A recent article (http://news.tgc.com/msgget.jsp?mid=328047 [M328047]) by Christopher Lazou published in HPCwire espoused the virtues of the new HPCC benchmarking suite being developed at the University of Tennessee which is intended to evaluate high performance computing systems by stressing their workload capacities above and beyond the relatively simple computational kernel used in the Linpack benchmark. The HPCC benchmarks are much more applicable to the typical workload of a modern supercomputer where many applications do not spend their time in optimized linear algebra routines but instead require high memory and interconnect bandwidth, and may use other computational kernels such as Fast Fourier Transforms. Whether the end result is a series of individual awards for each benchmark or an overall winner of a computing decathlon is less important than the ability to gain an insight into the relative strengths and weaknesses of different systems, determine whether there are areas in which many systems are able to offer similar performance or whether there are some manufacturers whose technology is highly advanced in comparison to their competitors.

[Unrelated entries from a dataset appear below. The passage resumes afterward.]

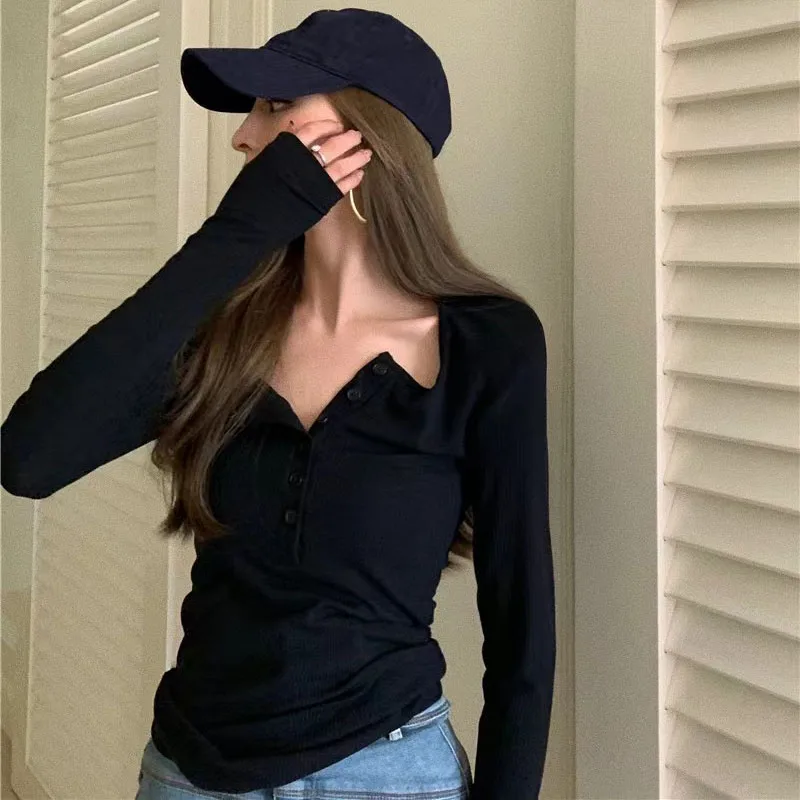 American Long Sleeve T-Shirt Women Y2K Autumn Streetwear Button Up Knitwear Female Fashion Slim V Neck Bottoming Pullover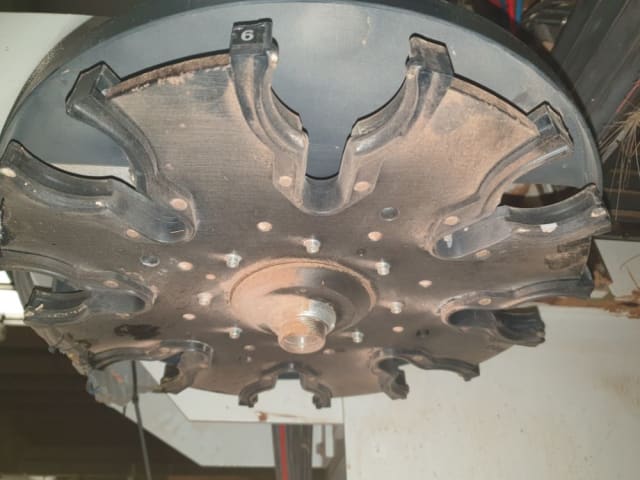 真空吸盘式加工中心 SCM TECH Z2 31-C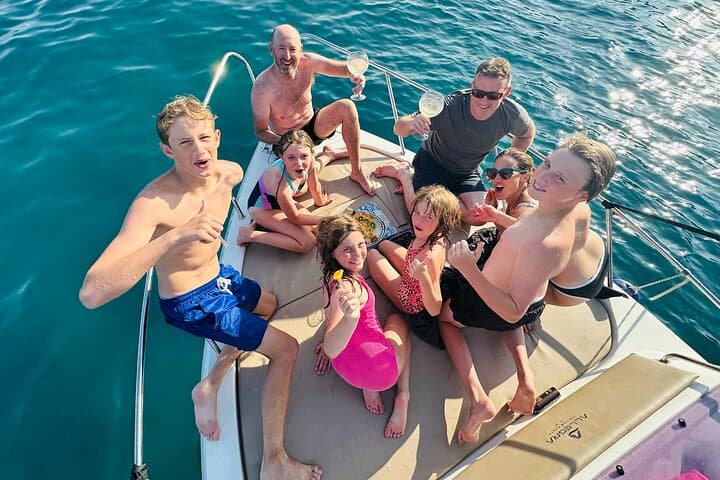 3-hour excursion by PRIVATE Boat to Taormina with Aperitif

It is in this latter area where the article contained serious flaws in that the results presented on the HPCC website were taken out of context and, depending in the benchmark in question, either the highest or lowest three numbers were taken as the best performers in that category without any consideration of the methods employed to improve performance by the submitting vendor or institution. This suite of benchmarks is intended to evaluate the performance of real computer systems, but the level of information provided on the website is sufficient to allow the reader to come to reasonable conclusions about the applicability of the benchmark results to real life situations. For example, it may be justifiable for a small number of processors available on a shared memory machine to be given over to operating system tasks, as might be usual practice in a production environment, but the submission of results for a large machine which only made use of a small number of processors in order to benefit the embarrassingly parallel per-processor scores would show up in the data, allowing the reader to deduce the usefulness of these numbers in assessing computer systems.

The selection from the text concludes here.